Oracle Slumps After 3Q Earnings, Sales Miss

Oracle (NASDAQ:ORCL) booked a 2.8% bump in fiscal third-quarter profits on Tuesday amid cloud application growth, but the business software behemoth failed to meet Wall Street’s expectations.

Shares of the world’s No. 2 business software maker slumped more than 5% in extended trading on the miss on both the revenue and EPS side.

Oracle said it earned $2.57 billion, or 56 cents per share, last quarter, compared with a profit of $2.50 billion, or 52 cents per share, a year earlier.

Excluding one-time items, the company said it earned 68 cents a share, trailing forecasts from  analysts for 70 cents.

Revenue rose 3.9% to $9.31 billion, narrowly missing the Street’s view of $9.36 billion. Oracle noted its cloud applications business enjoyed bookings growth north of 60%, with sales approaching $300 million.

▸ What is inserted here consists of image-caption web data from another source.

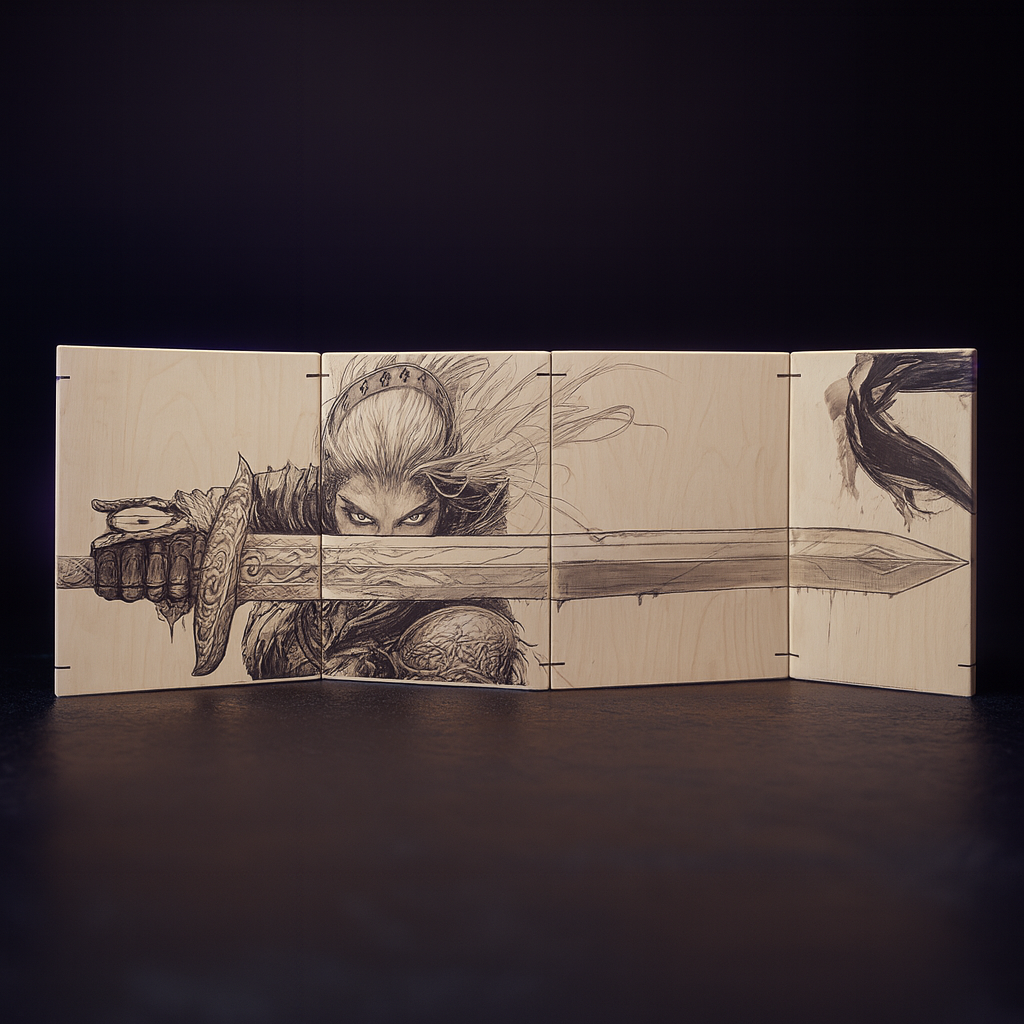 Wooden 4-Panel Magnetic Engraved Dungeon Master Screen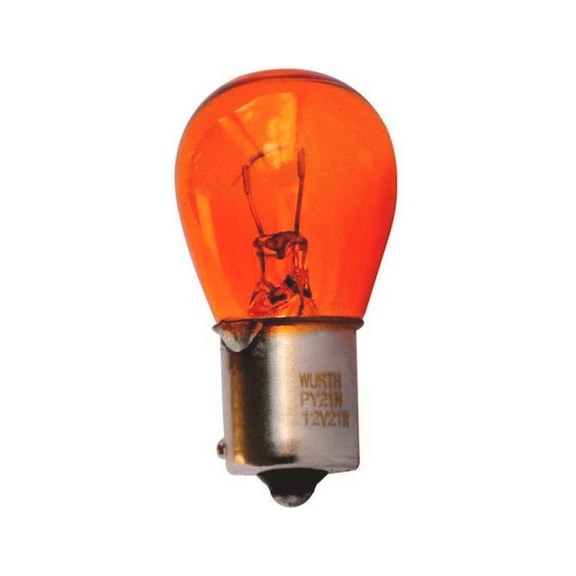 Bombilla para intermitentes y luces de freno - LAMPARA 12V-21W BAU15S-AMBAR
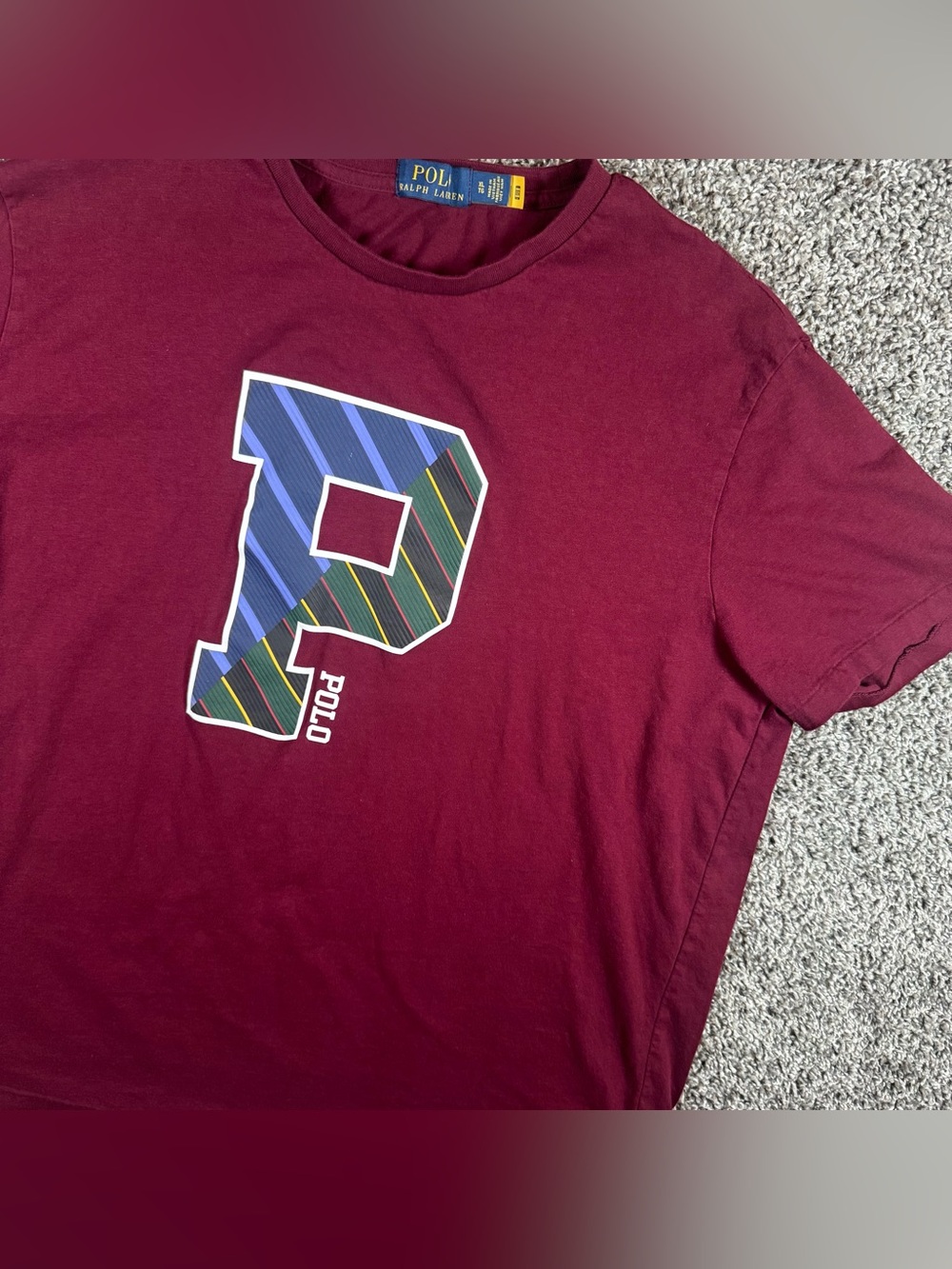 Polo Ralph Lauren Mens XL Varsity Big “P”  T-Shirt Short Sleeve Maroon Preppy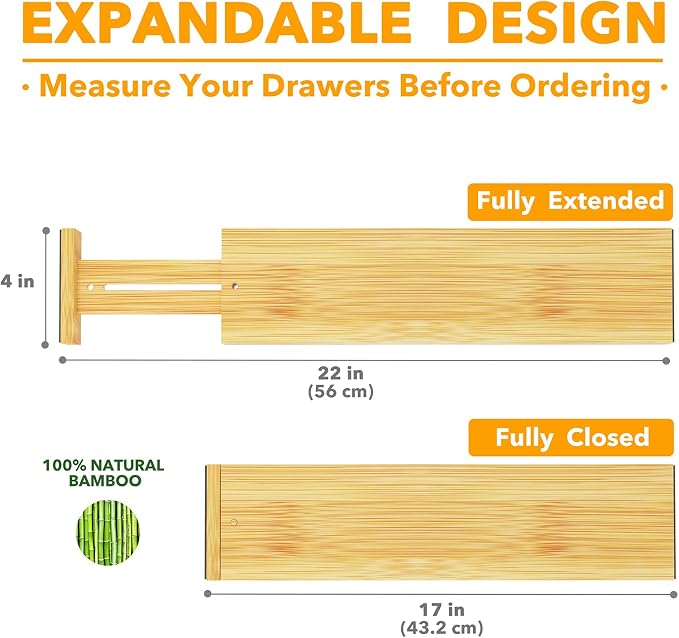 SpaceAid 4“ High Bamboo Deep Drawer Dividers with Labels, Kitchen Adjustable Drawer Organizers, Expandable Organization for Home, Office, Dressers and Bathroom, 2 Dividers (17-22 in)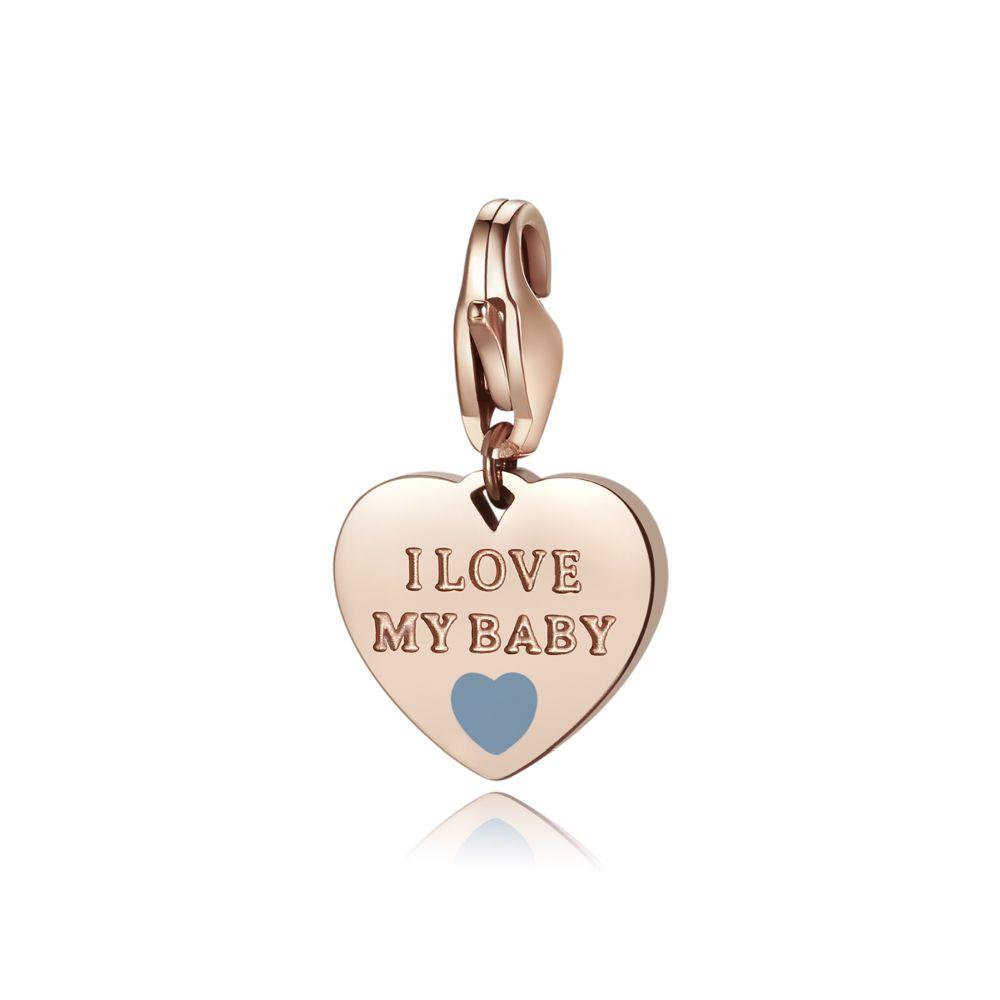 CHARM CUORE ROS&Egrave; "I LOVE MY BABY" AZZURRO - S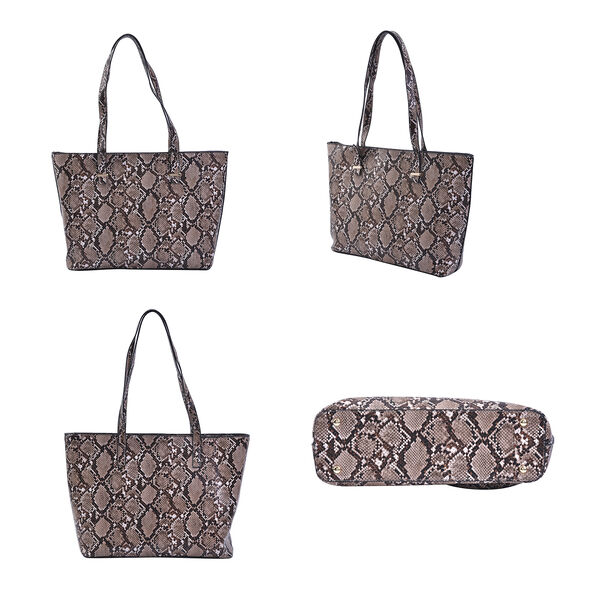 Passage - 4er-Set, Handtasche, Crossbody Tasche, Clutch und Brieftasche mit Python Muster image number 3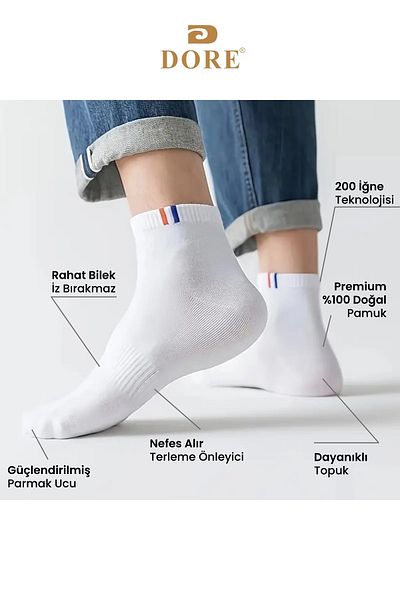 Dore Γνήσια Unisex 3 Pairs Premium Sport Sweat Absorbing Breathable Cotton Short Booties Αθλητικές κάλτσες - Λευκές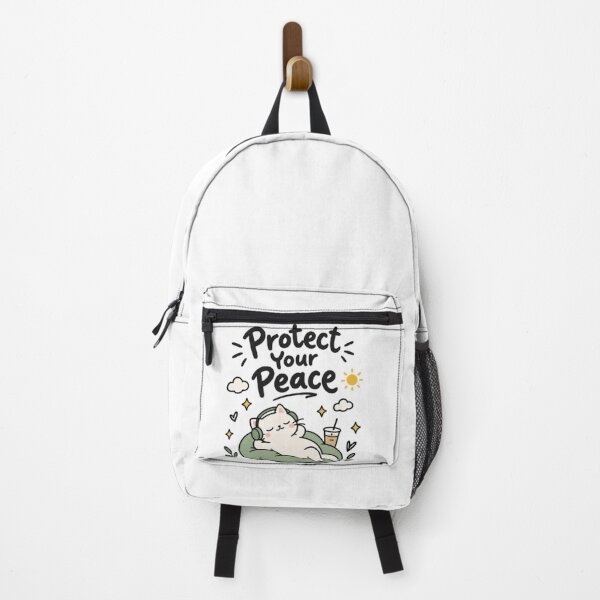 Item preview, Protect Your Peace Cute Cat Inspirational Mental Wellness Design designed and sold by EdgeSphere.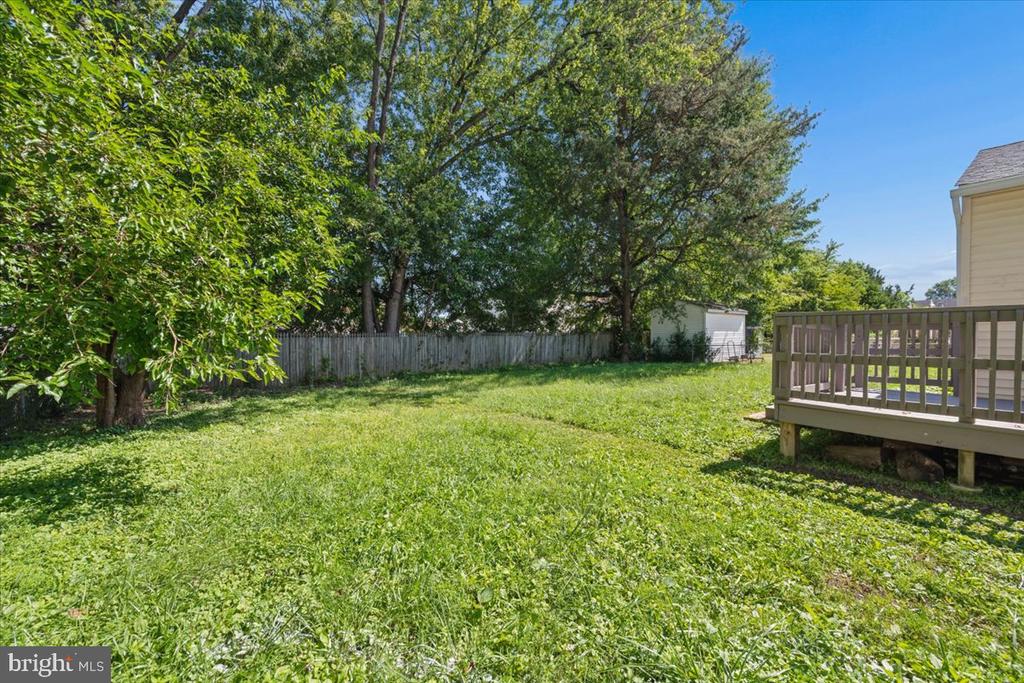 Grassy backyard with mature trees, a wooden privacy fence, and a raised deck beside the house.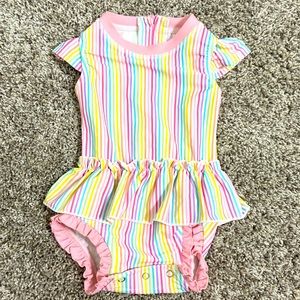 RuffleButts cap sleeve swim suit size 6-12Months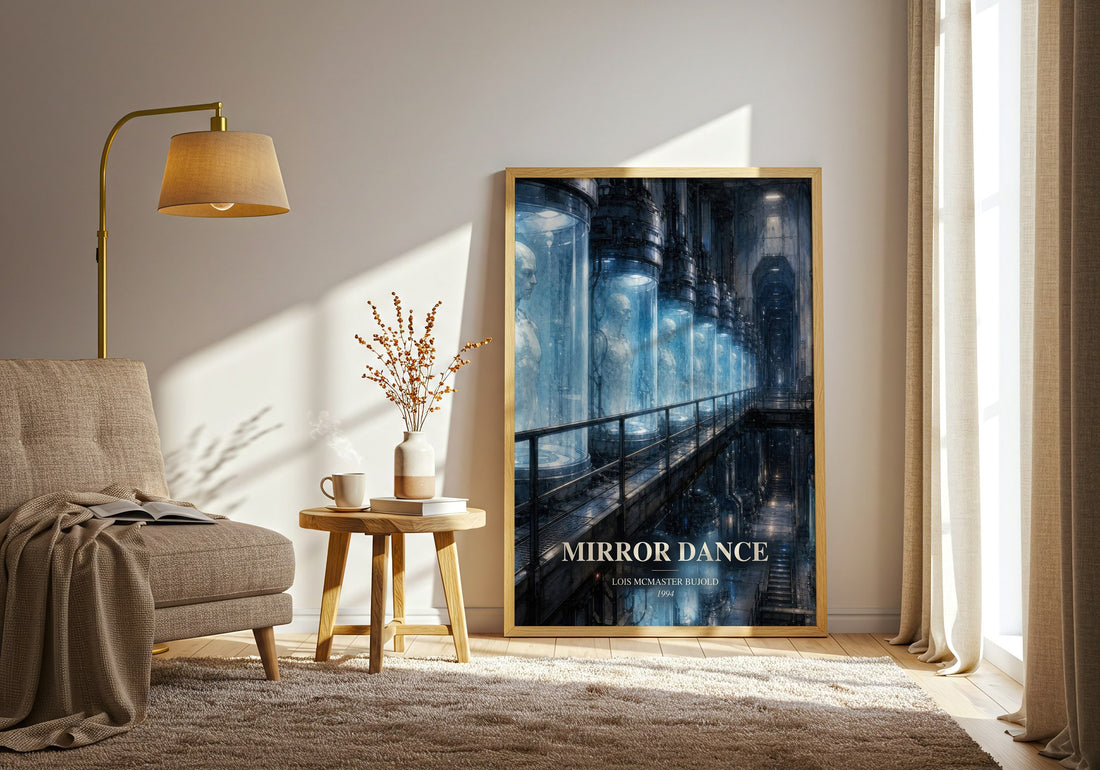 Mirror Dance watercolour print in frame leaning in hallway – sci fi wall art (mockup)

"Our Engineered Systems business is growing rapidly for the same fundamental reason that our Cloud Applications business is growing rapidly. In both cases, customers want us to integrate the hardware and software and make it work together, so they don't have to,” Oracle CEO Larry Ellison said in a statement.

Oracle said new software licenses and cloud software subscription revenue increased 4% to  $2.4 billion, while software license updates and product support sales climbed 5% to $4.6 billion. Hardware systems products revenue jumped 8% to $725 million.

Shares of Redwood City, Calif.-based Oracle dropped 5.39% to $36.76 in after-market  trading, knocking them back into the red on the year. Oracle gained 1.62% during regular trading on Tuesday.